We must look reality straight in the face. It is useless playing the hypocrite. It is useless playing hide-and-seek. The necessity of assigning money for famine relief is being used as a counter in the haggling that is going between the Cadets and the pogrom-mongers’ government, between the Cadets and the camarilla. The Cadets, in effect, say to the pogrom-mongers: If you gentlemen give way to us and appoint Muromtsev as Prime Minister instead of Yermolov, we will give way to you and grant you 15 and perhaps all 50 millions for famine relief, without any “dangerous” (for you pogrom-mongers as well as us landlords) recourse to “free institutions” of the people.

That is the true significance of the present events in the Duma. That is the true significance of Mr. Yeshchin’s article in today’s issue of the Cadet newspaper Rech, which the leading article in that paper commends, with slight reservations, and in which the author argues that the Duma should grant the pogrom-mongers’ government money, but “fence this grant round with all the conditions that the Duma can reasonably demand”.

The political situation is clear. Our Social-Democratic deputies in the Duma are now faced with a very serious task. Firstly, they must launch a major attack against the Cadets when the Budget and Food Committee’s report comes up for discussion. They must demand recourse to “free institutions” of the people. They must open the eyes of the peasants to the reason why the Cadets, among whom there are so many landlords, are afraid of the people who need all the land—without any redemption payment—and complete freedom. They must insist on a vote being taken on their resolution on this question, so that the party of the proletariat may be ensured of the sympathy of all the toiling masses, and so that the wavering and cowardice of the liberal landlords may be clearly and publicly exposed.

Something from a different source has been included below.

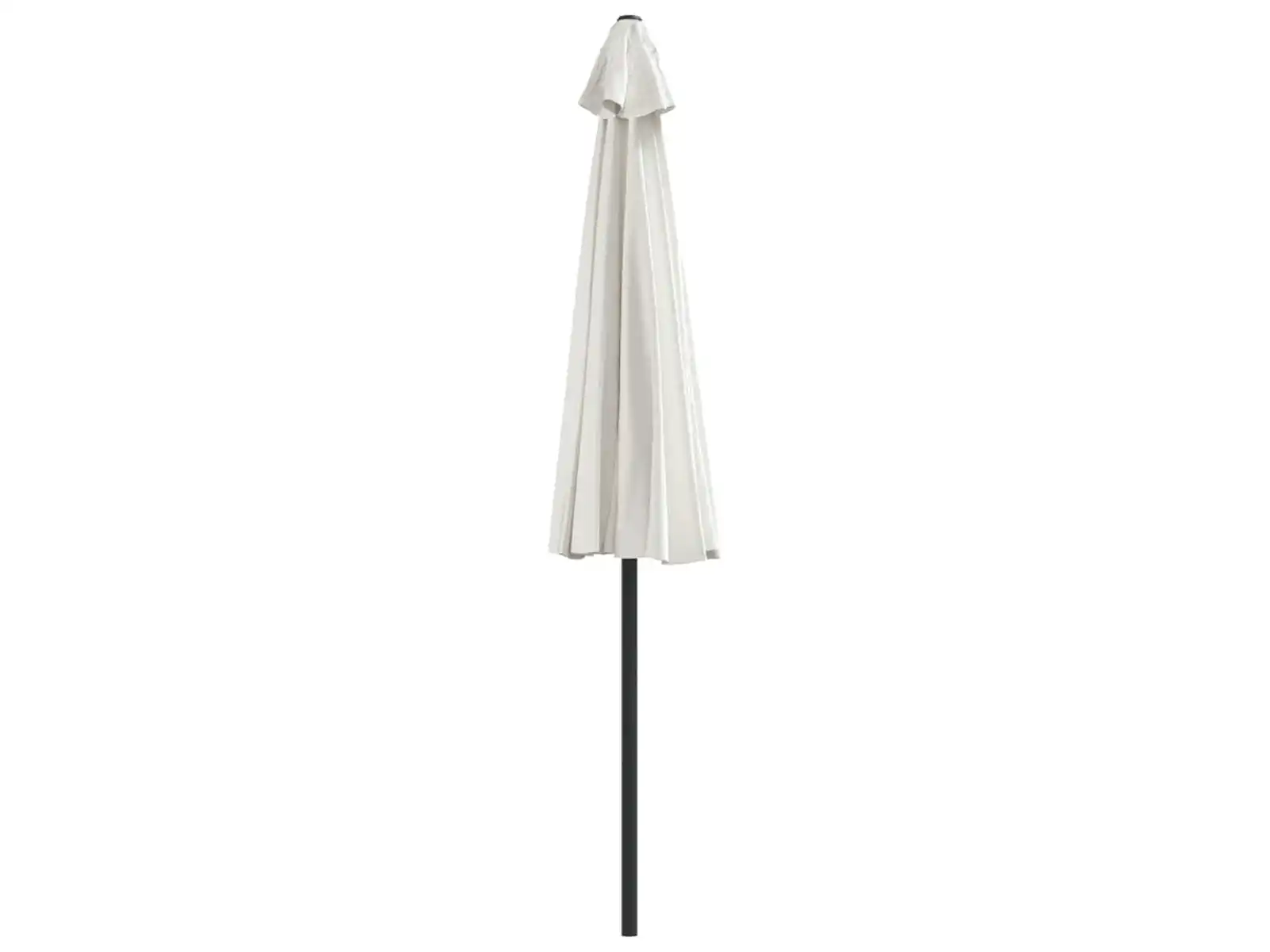 balkonski-suncobran-s-aluminijskom-sipkom-270x144-cm-44587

Secondly, when the Cadets defeat the proposal to have recourse to free institutions, the Social-Democrats must launch a second attack from our next fortified line. They must demand an explanation why the Committee (the joint   Budget and Food Committee) has not published all the details of their negotiations with the Right Honourable gentlemen, the Ministers of the Interior and of Finance. They must be well prepared for a far more thorough and resolute criticism of the whole Budget than that made by the Cadets in the Committee. Voices will then be heard from the rostrum of the Duma relentlessly exposing the double game the Cadets are playing, exposing all the “secrets” of the Russian Budget of the police pogrom-mongers—a Budget which squanders tens and hundreds of millions on assistance for landlords and capitalists, on military adventures, on “relief” for spies and gendarmes, on rewarding all the high-placed heroes of the Manchurian tragedy,[2] and on maintaining a horde of thieving officials who tyrannise over the people. Voices will be heard from the rostrum of the Duma proving that harmful expenditure amounts to much more than 15 or 50 millions.

The Cadets only want to exercise a little pressure on the government. The pogrom-mongers will be the first to be called to account by the Social-Democrats; but the Cadets, too, will have to answer for their attempt to gloss over the profound antagonism between the camarilla and the people.


Notes

[1] Rech (Speech)—a daily newspaper, the central organ of the Cadets; it was published in St. Petersburg from February 1906. It was closed down by the Revolutionary Military Committee on October 26 (November 8), 1917.

[2] This refers to the tsarist generals responsible for the defeat of the Russian army in Manchuria during the Russo-Japanese War of 1904-05.